------ Recorded information ------

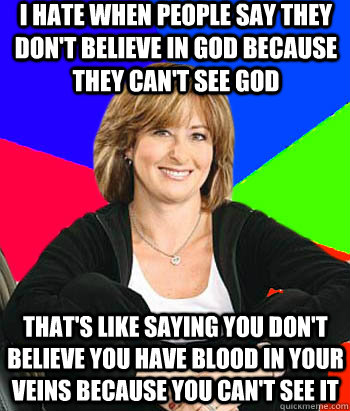 I hate when people say they don't believe in god because they can't see god That's like saying you don't believe you have blood in your veins because you can't see it  Sheltering Suburban Mom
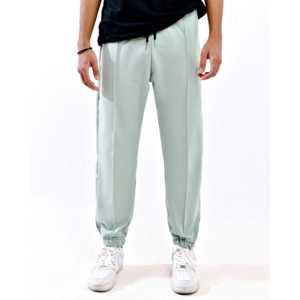 Pantalon plissé taille haute pour femme, coupe droite, en tissu éponge respirant, avec fermeture élastique à la taille, couleur menthe lavée - Product Image 2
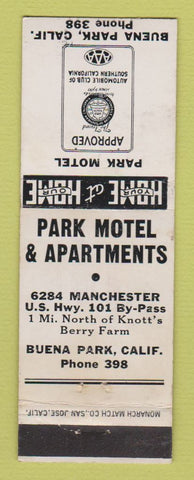Matchbook Cover - Park Motel Apartments Buena Park CA WEAR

------

__Exercise requirements__
When you retype the listing, keep every line exactly as it is and drop the pictures.

__Solution to the problem__
 I hate when people say they don't believe in god because they can't see god That's like saying you don't believe you have blood in your veins because you can't see it  Sheltering Suburban Mom
 Pantalon plissé taille haute pour femme, coupe droite, en tissu éponge respirant, avec fermeture élastique à la taille, couleur menthe lavée - Product Image 2
Matchbook Cover - Park Motel Apartments Buena Park CA WEAR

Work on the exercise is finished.